When we review the “theory” of poetical language in the eighteenth century, as revealed in the sayings, direct and indirect, of poets and critics, we feel that there is little freshness or originality in the views expressed, very little to suggest the changes that were going on underneath, and which were soon to find their first great and reasoned expression. Nominally, it would seem that the views of the eighteenth century “classicists” were adequately represented and summed up in those of Johnson, for whom the ideal of poetical language was that which Dryden had “invented,” and of which Pope had made such splendid use in his translation of Homer. In reality, the practice of the “neo-classical” poets was largely influenced by the critical tenets of the school to which they belonged, especially by that pseudo-Aristotelian doctrine according to which poetry was to be an “imitation” of the best models, whilst its words, phrases, and similes were to be such as were generally accepted and consecrated by poetic use. It was this conventionalism, reinforced by, as well as reflecting, the neo-classical outlook on external nature, that resulted in the “poetic diction” which Wordsworth attacked, and it is important to note that a similar stereotyped language is to be found in most of the contemporary poetry of Western Europe, and especially in that of France.[52]
We need not be surprised, therefore, to find that neither Johnson, nor any of his “classical” contemporaries, appears to attach any importance to the fact that Pope in his essays and epistles had set up a standard of diction, of which it is not too much to say that it was an ideal vehicle of expression for the thoughts and feelings it had to convey. So enamoured were they of the pomp and glitter of the “Homer” that they apparently failed to see in this real “Pope style” an admirable model for all writers aiming at lucidity, simplicity, and directness of thought.
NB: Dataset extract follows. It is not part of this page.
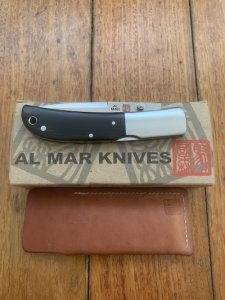 Al Mar Japan E1003BMT Falcon Black Micarta Handle Gentlemen's Knife in original Pouch and Box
We may see this clearly by means of an instructive comparison of Johnson’s judgments on the two “Pope styles.” “It is remarked by Watts,” he writes, “that there is scarcely a happy combination of words or a phrase poetically elegant in the English language which Pope has not inserted into his version of Homer.”[53] On the other hand, he is perhaps more than unjust to Pope’s plain didactic style when he speaks of the “harshness of diction,” the “levity without elegance” of the “Essay on Man.”[54]
It was not until the neo-classical poetry was in its death-agony that we meet with adequate appreciation of the admirable language which Pope brought to perfection and bequeathed to his successors. “The familiar style,” wrote Cowper to Unwin,[55] “is of all the styles the most difficult to succeed in. To make verse speak the language of prose without being prosaic—to marshal the words of it in such an order as they might naturally take in falling from the lips of an extemporary speaker, yet without meanness, harmoniously, elegantly, and without seeming to displace a syllable for the sake of the rhyme, is one of the most arduous tasks a poet can undertake.” The “familiar style,” which Cowper here definitely characterizes, was in its own special province as good a model as was the beautiful simplicity of Blake when “poetical poetry” had once more come into its own; and it is important to remember that this fact received due recognition from both Wordsworth and Coleridge. “The mischief,” wrote the former,[56] “was effected not by Pope’s satirical and moral pieces, for these entitle him to the highest place among the poets of his class; it was by his ‘Homer.’... No other work in the language so greatly vitiated the diction of English poetry.” And Coleridge, too, called attention to the “almost faultless position and choice of words” in Pope’s original compositions, in comparison with the absurd “pseudo-poetic diction” of his translations of Homer.[57] The “Pope style” failed to produce real poetry—poetry of infinite and universal appeal, animated with personal feeling and emotion not merely because of its preference for the generic rather than the typical, but because its practitioners for the most part lacked those qualities of intense imagination in which alone the highest art can have its birth.